But cleaning up the now-magnified problems is just a small piece of what can, and I believe must, be envisioned. Currently the City of New Orleans exists, in part, to service the oil and gas production and distribution infrastructure that now lies in tatters in the Gulf of Mexico. It is likely inevitable that this infrastructure will also be rebuilt -- massive economic and security interests will see to that.
But it would be nothing short of criminal to rebuild the city of New Orleans and not aspire to run the place on renewable energy. The sun shines mercilessly there; solar panels need big markets to push their development curve up and prices down; and so New Orleans (not to mention its sister cities like Biloxi or Mobile, also terribly affected by this storm) could provide a tremendous opportunity to spur the nation's energy independence.

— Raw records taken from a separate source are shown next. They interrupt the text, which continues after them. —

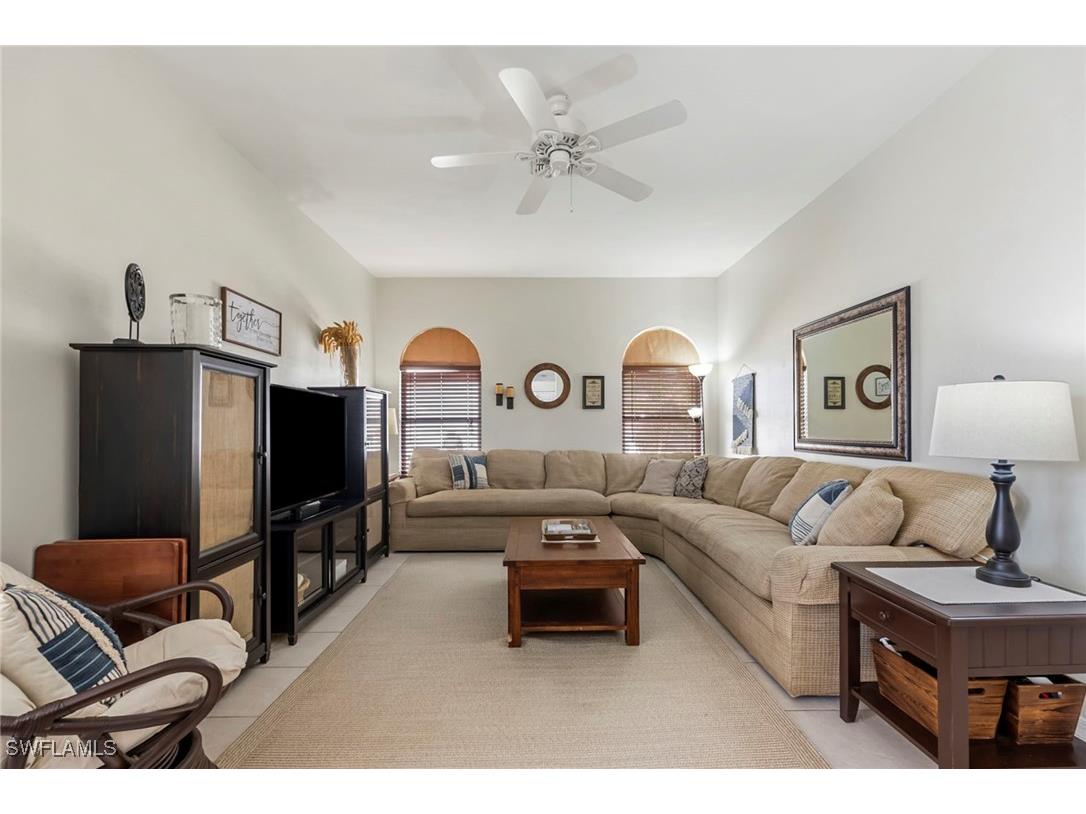 719 Teton Court Naples FL 34104 225003124 image7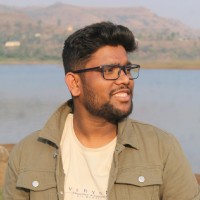 Manish Hedau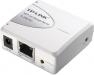 Print Server TP-LINK TL-PS310U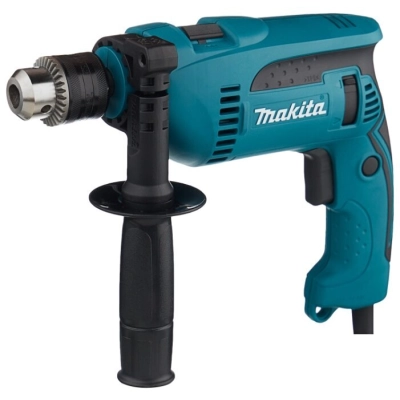 Дрель Makita HP1640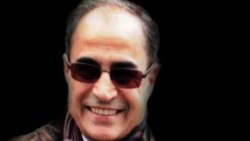 Abdullah Hîjab Lêkoler û Çavdêrê Siyasî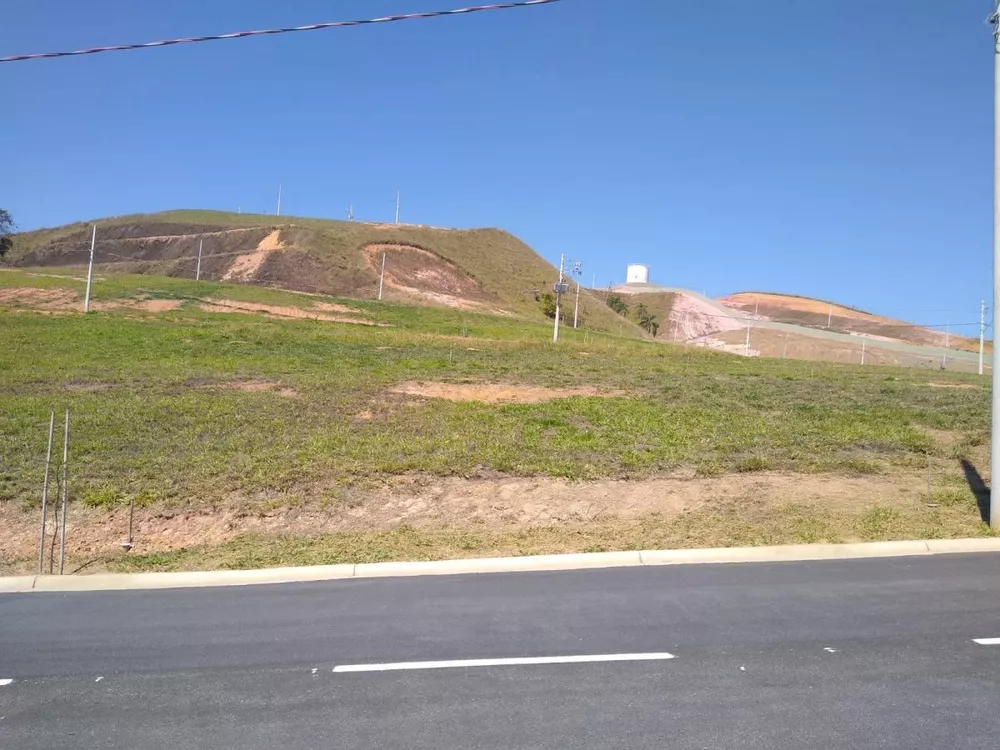 Terreno, 242 m² - Foto 5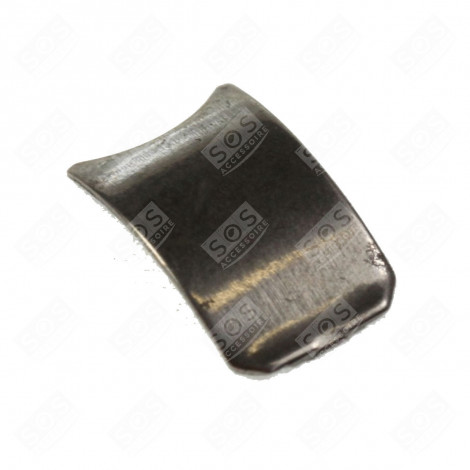 HANDLE CLIPS GAS / ELECTRIC OVENS - 36050032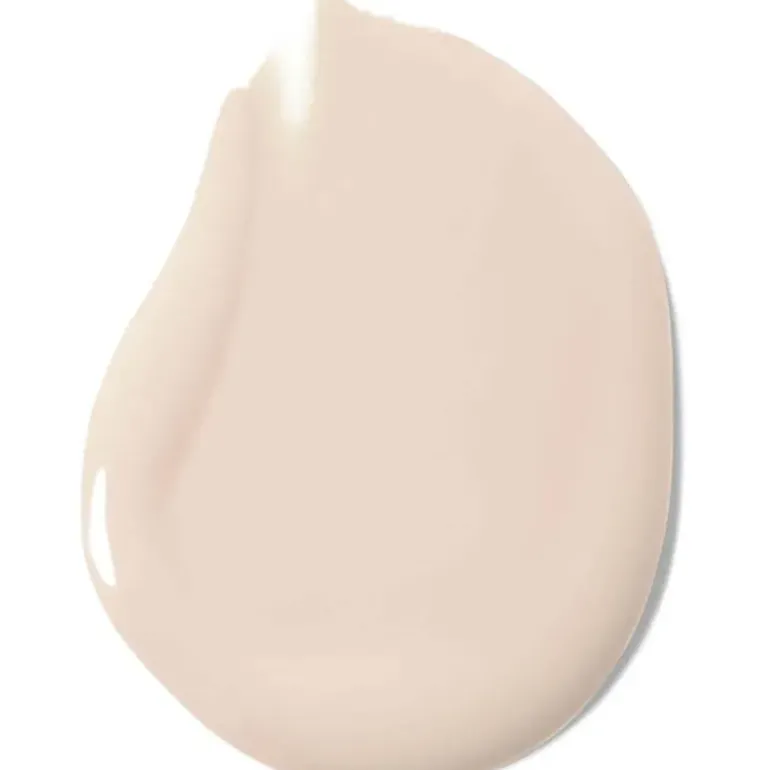 Futurist Hydra Rescue Fond de Teint Hydratant SPF 45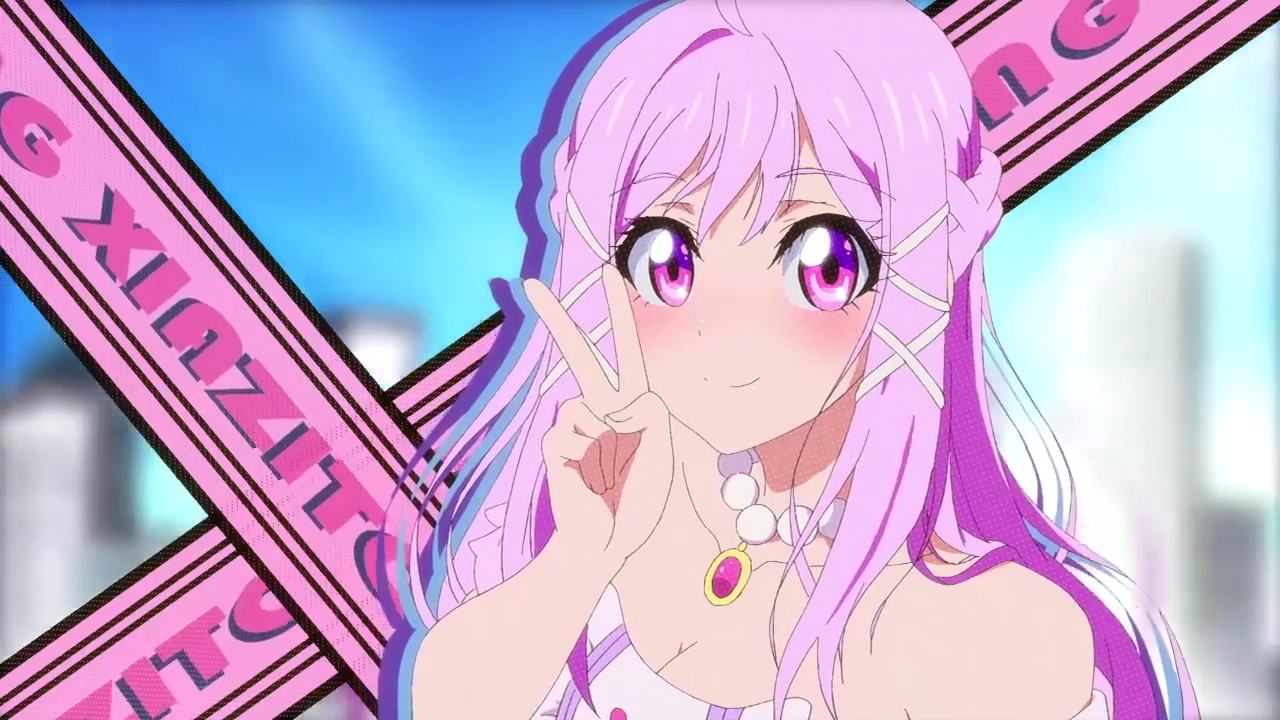 Cupid's Chocolates Picture Image Abyss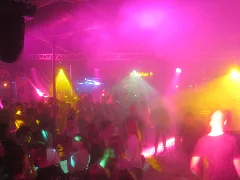 Festzeltparty Gottelfingen18082018 1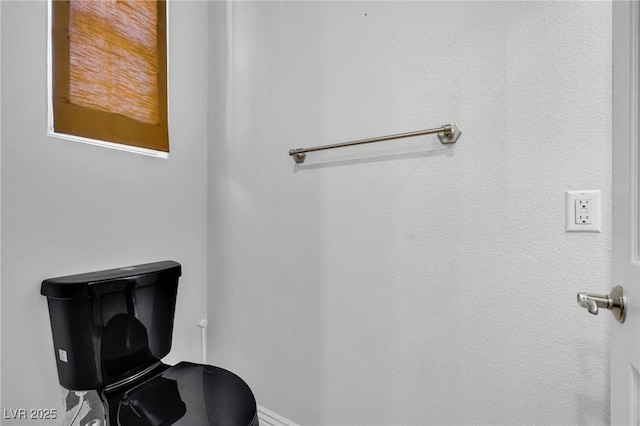 2432 Granada Bluff Ct, Las Vegas, NV 89135 - view of bathroom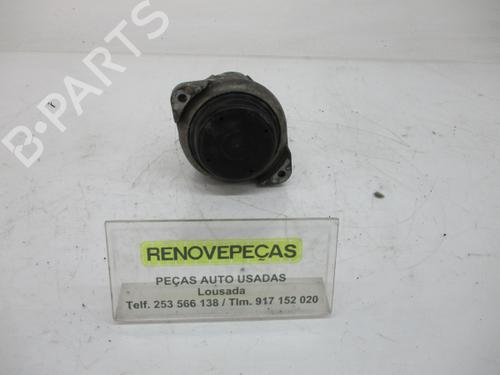 Used Engine mount BMW 1 (E87) 118 d (143 hp) 16595400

New Orleans could become a living laboratory for solar roofs, mini hydro generators, architecture that creates cool buildings without air conditioning, electric and fuel cell vehicles ... the whole list of green dreams for technically sustainable world. These could become the basis of new industries to replace the gas and oil revenues, and be partly financed by them, as well as by the general reconstruction funds that are already on their way.
5. Dare to dream
These are days of despair and sorrow for the great City of New Orleans. Those days will not end soon. And as anyone who has weathered the death of loved ones or the loss of a home knows, there is no way out of grief except through it.
But what pulls us through grief is the knowledge that, while what is permanently lost cannot be restored, new things can be created.
The people of New Orleans and the surrounding Gulf region will need tremendous amounts of practical help, money, and psychological support to come through this. But they will also need dreams -- and not just their own.
It takes courage to dream in the face of catastrophe. And courage often comes from being encouraged, with the thoughts, wishes, hopes, words, and yes, the dreams of others. We can all contribute to the recreation of New Orleans. We can all dream for her, and help her residents to dream. They have now lived through a nightmare -- one that many feared would one day become reality, and has. We can all now help her to dream a beautiful dream of recovery, restoration, and renewal, and to make that dream become real as well -- for herself, and for the world.